Going through my social circle is fruitless. In many ways, it’s very static. It’s kind of like a high-school reunion every time I see them, though there are a number of post-education additions. Still, the principals of the group haven’t changed in quite a while, and I doubt if they’re going to. Yes, I have a solitary sibling, and he’s my identical twin. Does it feel like I have a brother? I’m not entirely sure. He’s more like my best friend, except he’s been around my entire life. The only person who hears everything. Judging by the sibling dynamic I’ve seen in other families, I’m not at all sure that it’s in the same vein. Twins are something on their own (not that I’ve observed many other twins either). We’ve all found a companionship in each other. A familial bond, and we’ve been there for some of the worst times in each other’s lives. Sure, some event may be so galling that it temporarily (or permanently) expels one of us, but we all know each other quite well at this point, so we have similar moral values and ethics. Yes, there are some things which I think are quite appalling which they don’t agree upon (mostly to do with children and what priority they ought to have in people’s lives), but that’s likely due to living with young children for an extended period of time. It’s something which you just have no perspective on until you live it, and I’d hope that theirs will change similarly should the time come that they become fathers or what have you. Then again, some of us can be very obtuse at times.

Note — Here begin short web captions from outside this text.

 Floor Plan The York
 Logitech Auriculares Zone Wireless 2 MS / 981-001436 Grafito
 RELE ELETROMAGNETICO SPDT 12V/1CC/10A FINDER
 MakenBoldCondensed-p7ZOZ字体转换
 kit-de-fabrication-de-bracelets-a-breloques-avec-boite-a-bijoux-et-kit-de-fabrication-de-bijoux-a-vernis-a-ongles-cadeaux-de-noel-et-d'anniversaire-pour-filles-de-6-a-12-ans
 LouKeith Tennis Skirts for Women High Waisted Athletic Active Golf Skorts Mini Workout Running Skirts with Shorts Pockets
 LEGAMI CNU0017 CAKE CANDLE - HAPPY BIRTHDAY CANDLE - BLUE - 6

So how do I clarify where my life stands right now? I’m not concerned with my employment status as such, since figuring out when you worked which job is very easy given the date. I’ve already noted that I have a fairly static group of friends. My relationship status is in flux, to say the least. An ever-changing menagerie of women, some appealing, some not. There’s nothing I can do to lock that down at the moment, though the description given may well be enough. It’s the first time in a long time that I’ve been single for an extended period of time, and it’s kind of refreshing. It’s also true that I love meeting new people, so the dating ritual really suits me. I am, at the moment, a self-described socialist. That may date this, given time, but my political views have changed so gradually over the years that I can’t say what I believed in at any one point. I do recall being a bit of a fascist in high-school, but I can’t imagine why. My Myspace blogs will detail the reasons for my beliefs should I ever be curious, but I really don’t foresee this changing at any point.

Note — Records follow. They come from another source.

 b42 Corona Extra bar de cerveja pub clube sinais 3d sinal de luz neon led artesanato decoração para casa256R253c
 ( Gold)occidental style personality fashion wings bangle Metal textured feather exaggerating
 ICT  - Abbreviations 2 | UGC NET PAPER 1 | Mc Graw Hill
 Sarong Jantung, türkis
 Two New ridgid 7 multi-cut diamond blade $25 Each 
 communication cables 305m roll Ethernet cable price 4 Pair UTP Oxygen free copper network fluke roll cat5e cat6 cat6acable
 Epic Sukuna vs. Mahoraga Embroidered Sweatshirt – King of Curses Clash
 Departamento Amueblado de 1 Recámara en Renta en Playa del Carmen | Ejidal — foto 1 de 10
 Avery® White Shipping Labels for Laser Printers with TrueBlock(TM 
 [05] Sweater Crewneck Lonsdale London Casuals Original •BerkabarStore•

My personal philosophy on life is perhaps somewhere between hedonism and nihilism. I have no idea how to describe that particular aspect of me. I don’t really think about it, so it’s hard for me to assign myself to some group which mandates conviction in your beliefs (as both hedonism and nihilism would seem to be). I’m rather apathetic to the whole thing. That’s not entirely true either. There are some things you just can’t change, so why worry about them? I cannot change the actions of others, nor will I ever be able to. I can’t say that I’m always happy about it, but I never let things get to me. Everything rolls off my back, so to speak. The only thing which has affected me in years was the sudden engagement, and the equally sudden end of it.

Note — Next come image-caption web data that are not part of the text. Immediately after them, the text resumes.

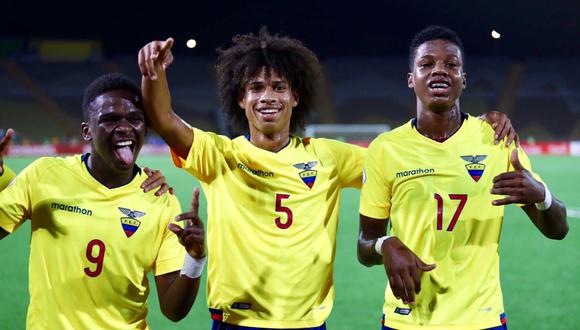 Ecuador venció 4-1 a Argentina en el Sudamericano Sub 17 y clasificó al Mundial Brasil 2019. | Foto: Ecuador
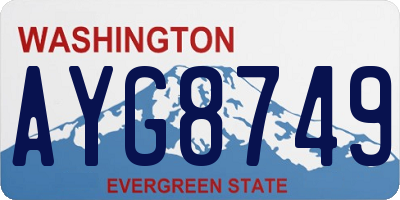 WA license plate AYG8749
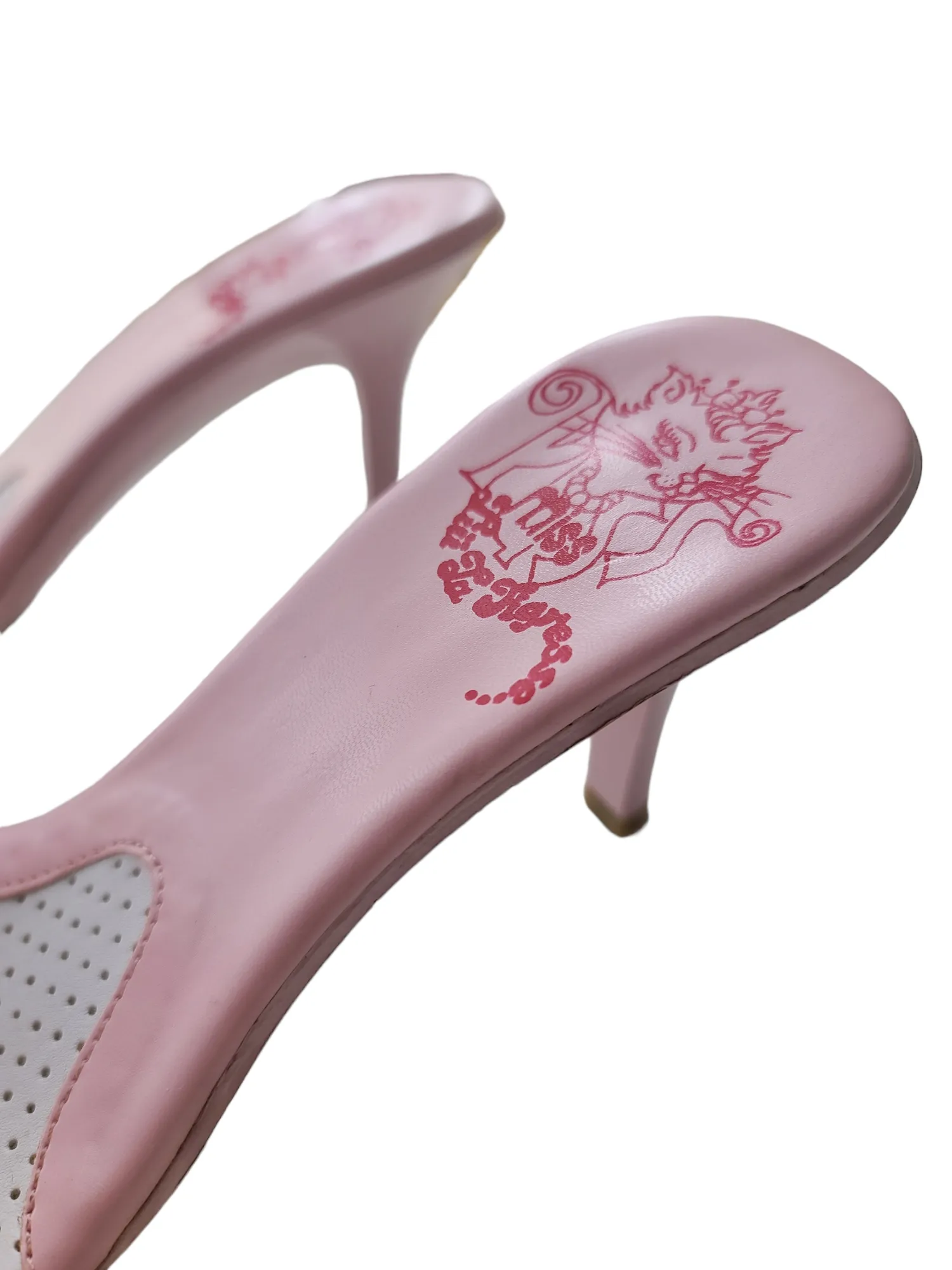 Mules y2k barbiecore mcbling rose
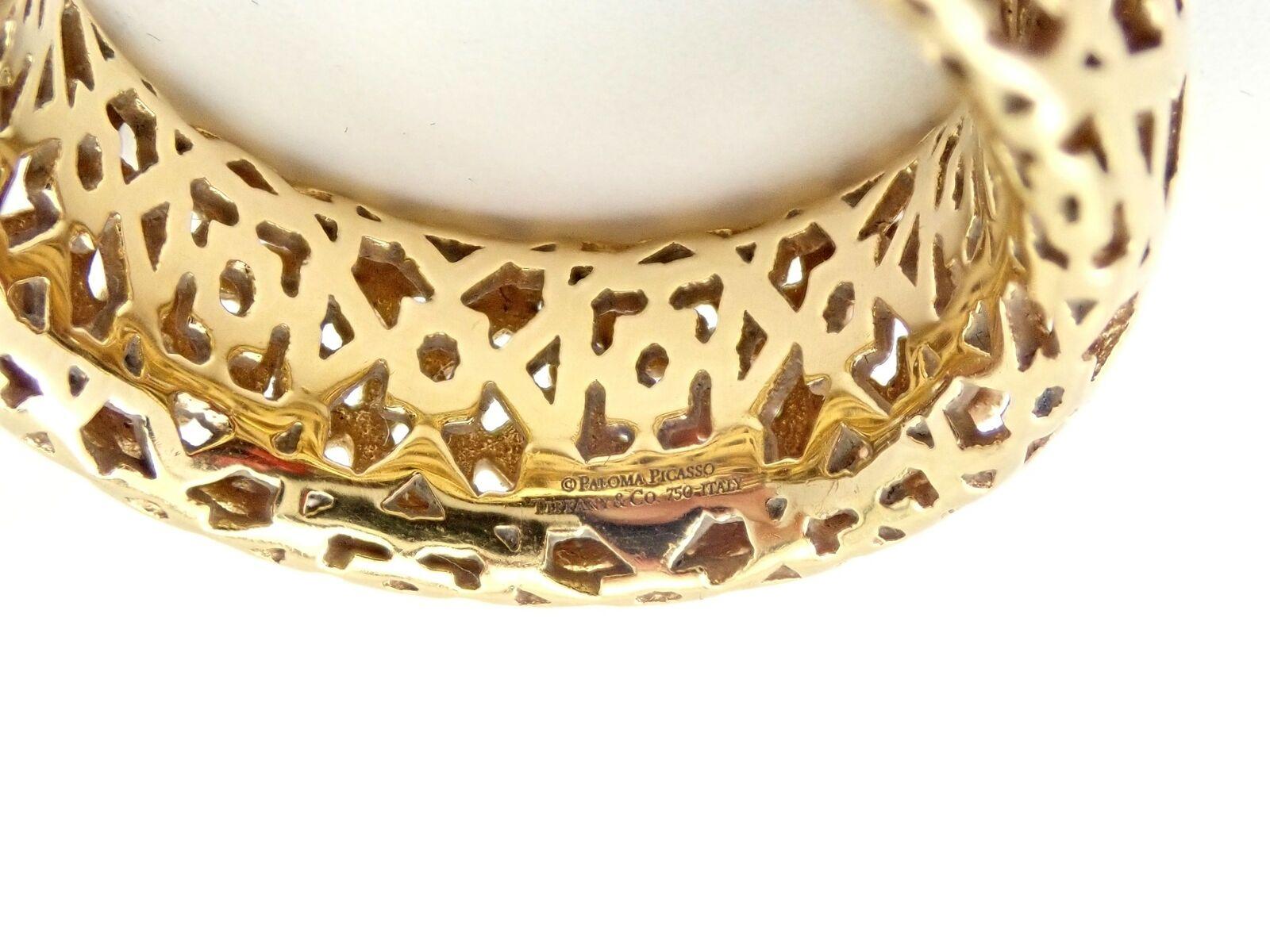 Tiffany & Co Paloma Picasso Marrakesch Gelbgold Band Ring für Damen oder Herren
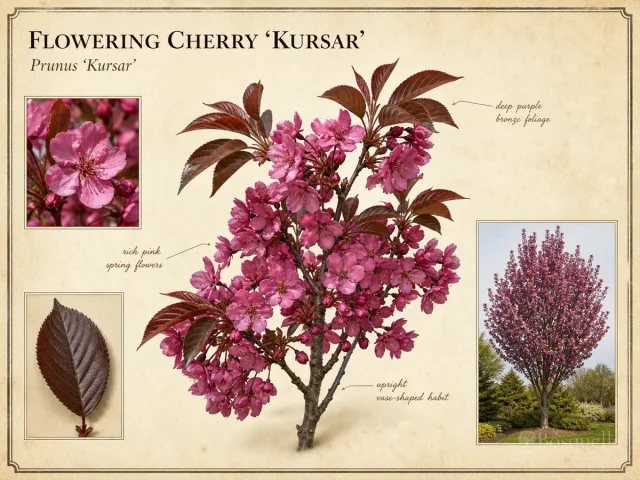Flowering Cherry ‘Kursar’ (Prunus ‘Kursar’)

I read through people’s blogs fairly often if I don’t know them well, and I’d like to. It’s strange how you can see a metamorphosis through time as you go back further. You can watch their though process as they go through trying times, and be privy to the formative events of their life. It’s the kind of thing I’d hope people would be able to get going through what this blog will ideally be, and perhaps that kind of resource even to me. I’ve heard from a lot of people that I changed in the time when I was living in Georgia. I had a very difficult time believing that. People don’t often change. They grow up, maybe, but the core qualities of your persona and the tenets which you live your life by don’t often change after a certain age. I realize now that those people were right, but it took a major event in the life of one of my friends for it to be obvious to me. It’s likely to be the next subject which I write about anyway.